[Stored items]
_ _ _ _

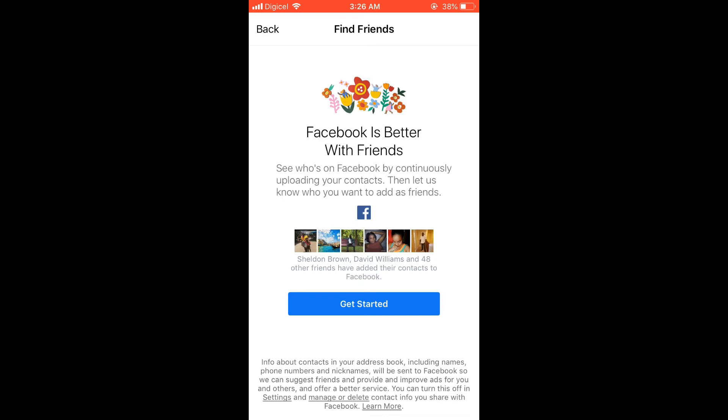From there, Facebook will simply add all of the contacts in your phone and it will also automatically update your list on Facebook. Once you add a person's number on your phone, they will be automatically added to your Facebook. Hope you found this video helpful and informative. If you did, be sure to hit the like button and subscribe.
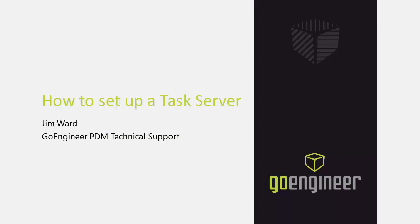That is all the suggestions I have for creating a task host server. This has been Jim Ward from GoEngineer describing what is important when creating a task host server. Thank you for watching.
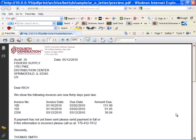This concludes the Dunning Letters presentation. If you have any questions whatsoever, please feel free to give us a call at the toll-free number listed on our website or email us at info@Fitrix.com. Thank you for your time.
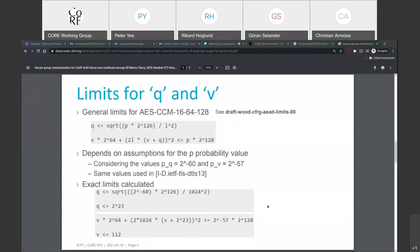It makes a lot of sense to keep CORE and LAKE coordinated on this, since it's relevant for both.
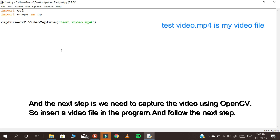The next step is to capture the video using OpenCV. Insert the video file in the program and follow the next step.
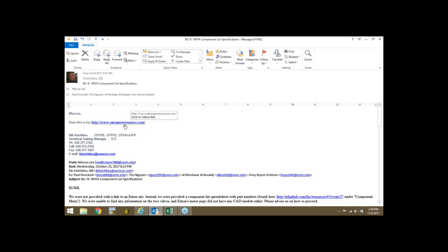Thank you to everyone, and many thanks to Ernie and Bill for presenting. Ernie, if you can share your presentation, it will be posted on the website. The recording started a little late but will also be posted for others to listen. Let us know if you have any further questions.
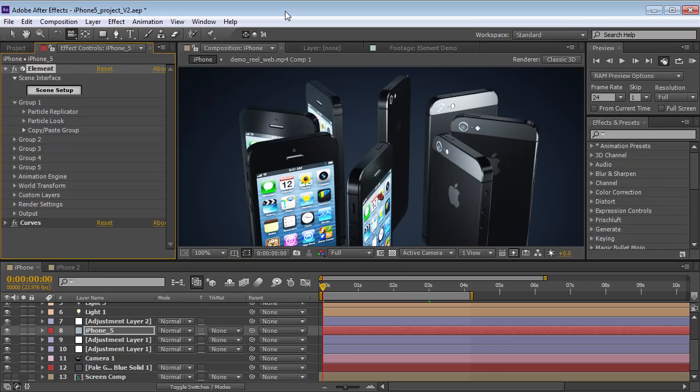Hey, what's up? Andrew Kramer here and welcome to another very exciting tutorial. Today we're going to take a look at setting up an iPhone 5 model and animating the screen images. Hopefully that can be useful for commercials or bumpers or whatever. Who knows? I don't, obviously.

_ _ _ _

Exercise instructions => Print the data above from its first line through the line that has "Thank you to", exactly and with nothing else, omitting pictures.

Result for this exercise =>
From there, Facebook will simply add all of the contacts in your phone and it will also automatically update your list on Facebook. Once you add a person's number on your phone, they will be automatically added to your Facebook. Hope you found this video helpful and informative. If you did, be sure to hit the like button and subscribe.
That is all the suggestions I have for creating a task host server. This has been Jim Ward from GoEngineer describing what is important when creating a task host server. Thank you for watching.
This concludes the Dunning Letters presentation. If you have any questions whatsoever, please feel free to give us a call at the toll-free number listed on our website or email us at info@Fitrix.com. Thank you for your time.
It makes a lot of sense to keep CORE and LAKE coordinated on this, since it's relevant for both.
The next step is to capture the video using OpenCV. Insert the video file in the program and follow the next step.
Thank you to everyone, and many thanks to Ernie and Bill for presenting. Ernie, if you can share your presentation, it will be posted on the website. The recording started a little late but will also be posted for others to listen. Let us know if you have any further questions.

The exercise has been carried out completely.